→ What the task asks: The records that follow should be returned exactly, pictures excluded.

------------------------------------------------------------------------

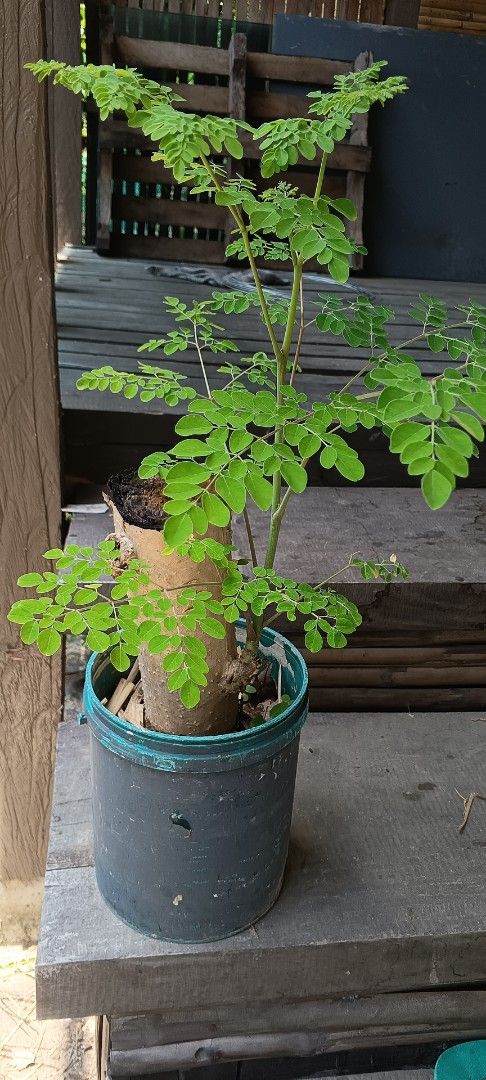 Malungay or Moringa Bonsai in pots (Category: Plants & Seeds) located in Pulilan. Submitted by smartshopper516 (Listing ID 1443761739, Image 3). Description: - Two healthy Moringa plants from trunk cuttings - Potted in soil , can be shipped without the soil -with new growing branches - Known for nutritional benefits - Perfect for small balconies -.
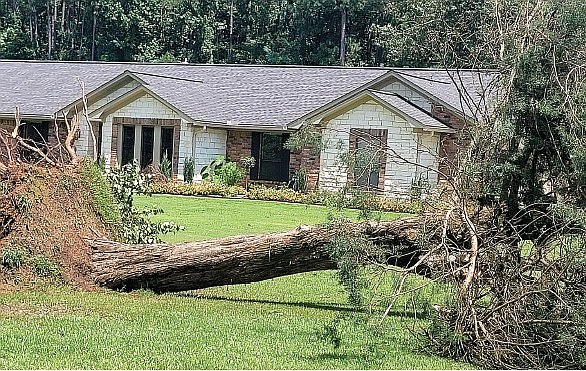 A tree was uprooted by storms that passed through Ouachita County. 
Photo by Bradly Gill.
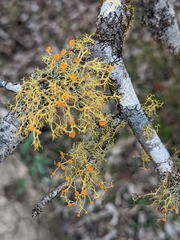 Teloschistes exilis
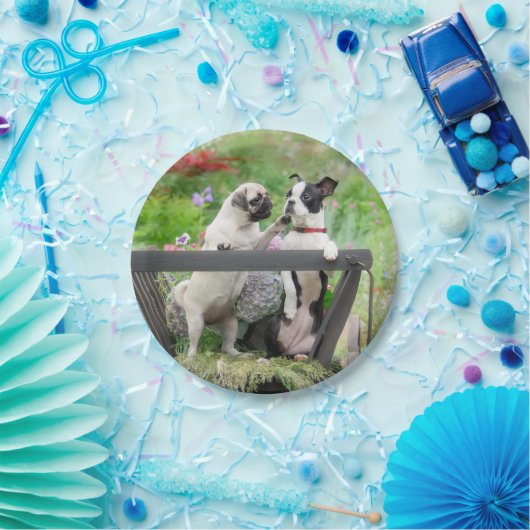 2匹の犬が子犬をふき、ボストン·テリアは荷車に乗っている ペーパープレート (パーティー)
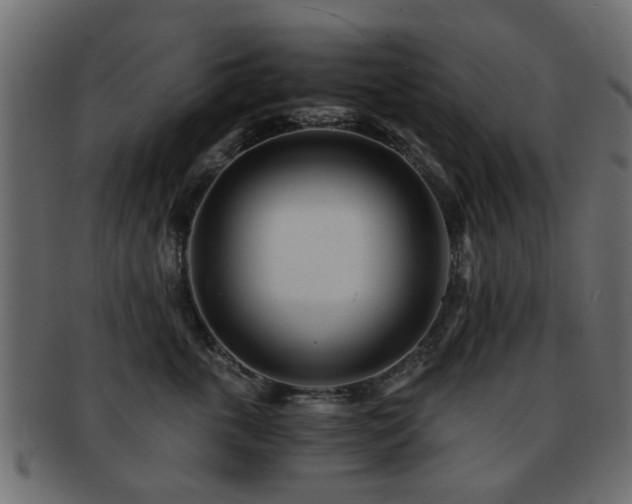 X0000093100763200709261230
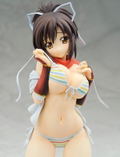 Senran Kagura: Asuka Inochigake Ver. thumbnail 10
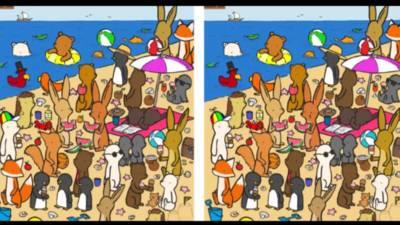 credit: Gergely Dudás - Dudolf Optical illusion challenge: Spot the hidden cheese slice on this beach in under 10 seconds!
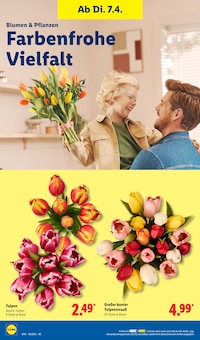 Blumen im Lidl Prospekt "LIDL LOHNT SICH" mit 68 Seiten (Dresden)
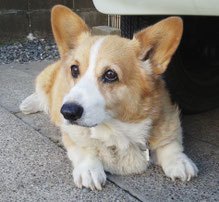 犬の車椅子　コーギー車いす　ダックス車椅子　犬用車椅子　犬 歩行器　犬 車イス　車椅子犬　Dogkart　ドッグカート　クララワークス　犬の駅　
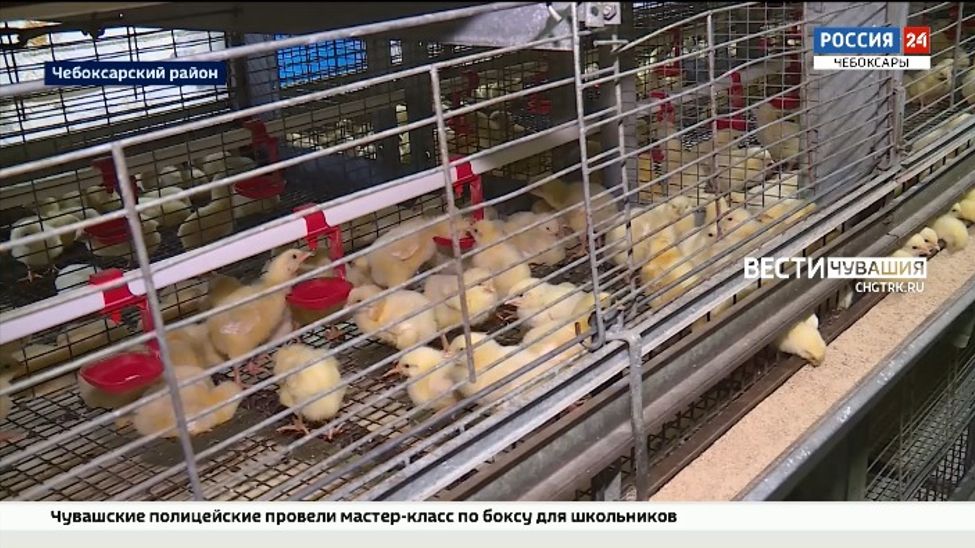 В июне на птицефабрике в Чебоксарском районе появились первые птенцы - 44 тысячи цыплят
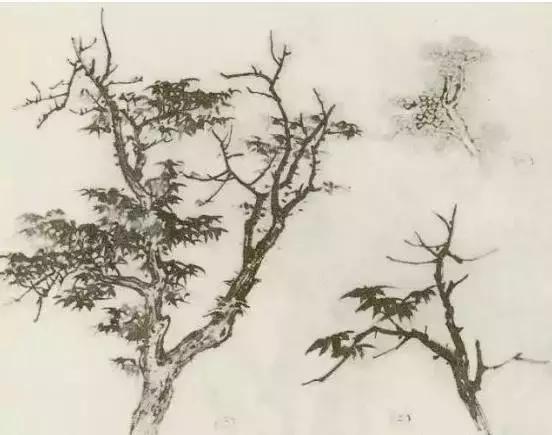 怎么画树最简单而且还最好看,怎么画树才更真实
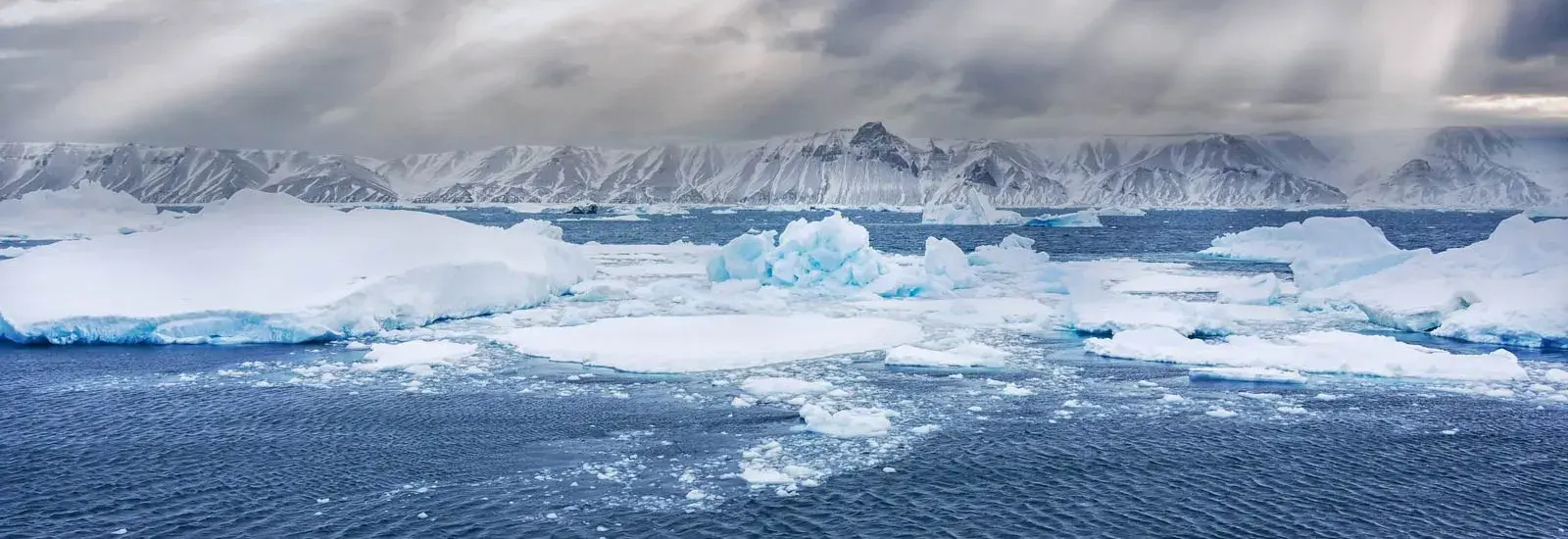 Weddell Sea Basecamp | Hondius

------------------------------------------------------------------------

→ Task result:
 Malungay or Moringa Bonsai in pots (Category: Plants & Seeds) located in Pulilan. Submitted by smartshopper516 (Listing ID 1443761739, Image 3). Description: - Two healthy Moringa plants from trunk cuttings - Potted in soil , can be shipped without the soil -with new growing branches - Known for nutritional benefits - Perfect for small balconies -.
 A tree was uprooted by storms that passed through Ouachita County. 
Photo by Bradly Gill.
 Teloschistes exilis
 2匹の犬が子犬をふき、ボストン·テリアは荷車に乗っている ペーパープレート (パーティー)
 X0000093100763200709261230
 Senran Kagura: Asuka Inochigake Ver. thumbnail 10
 credit: Gergely Dudás - Dudolf Optical illusion challenge: Spot the hidden cheese slice on this beach in under 10 seconds!
 Blumen im Lidl Prospekt "LIDL LOHNT SICH" mit 68 Seiten (Dresden)
 犬の車椅子　コーギー車いす　ダックス車椅子　犬用車椅子　犬 歩行器　犬 車イス　車椅子犬　Dogkart　ドッグカート　クララワークス　犬の駅　
 В июне на птицефабрике в Чебоксарском районе появились первые птенцы - 44 тысячи цыплят
 怎么画树最简单而且还最好看,怎么画树才更真实
 Weddell Sea Basecamp | Hondius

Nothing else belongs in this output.